凤莘不在营帐里,那营帐里的人只能是刀奴了。
薛红玉显然也发现,营帐里中了药的人不是凤莘,她转身就准备逃出营帐,可是吸入了大量药的刀奴,早已被药力冲昏了头脑。
他只看到一个女人,在自己身前晃着,他抓住了薛红玉,捂住了她的嘴,不顾她的苦苦哀求声,直接就开始了。
营帐内,薛红玉的声音越来越小,到了最后,只剩了一阵混乱的呼吸声。
叶凌月越听越是面红耳赤,耳边凤莘的呼吸声,也有些不对劲起来了。
凤莘拉起了叶凌月,两人悄然离开了营帐。
一直到走到了营地的一角,叶凌月才急急抽开了握在凤莘手里的手,两人的手心都湿漉漉的,很是紧张。
“这究竟是怎么一回事?刀奴和薛红玉……还有营帐里的药?”叶凌月没想到,今晚会被她歪打正着,撞到了这么……昧的一幕。
“薛红玉心怀不轨,在我的营帐里撒了药粉。不过她不知道,我自小就是个药罐子,无论是毒药还是药,我都能立刻分辨出来。
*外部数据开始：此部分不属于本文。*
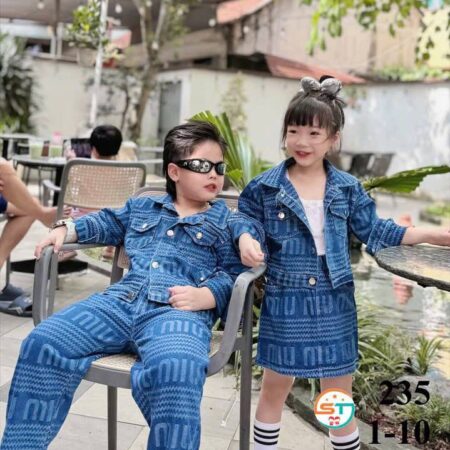 Boy/girl Jean on Jean set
”凤莘和刀奴进入营帐时,凤莘就觉得有些不对劲了。
尤其是后来,薛团长还一力邀请刀奴,晚上帮忙守夜,凤莘心思聪敏,一想就明白了。
“那你明知道,薛红玉不怀好意,你还让刀奴……”叶凌月很是无语。
她发现引蛇粉,充其量也就是撒些药粉,报复下薛红玉。
凤莘却是直接……他明明知道,薛红玉的修为不如刀奴,加之刀奴又吸入了一些药,就算是有十个薛红玉,也要被吃干抹净了。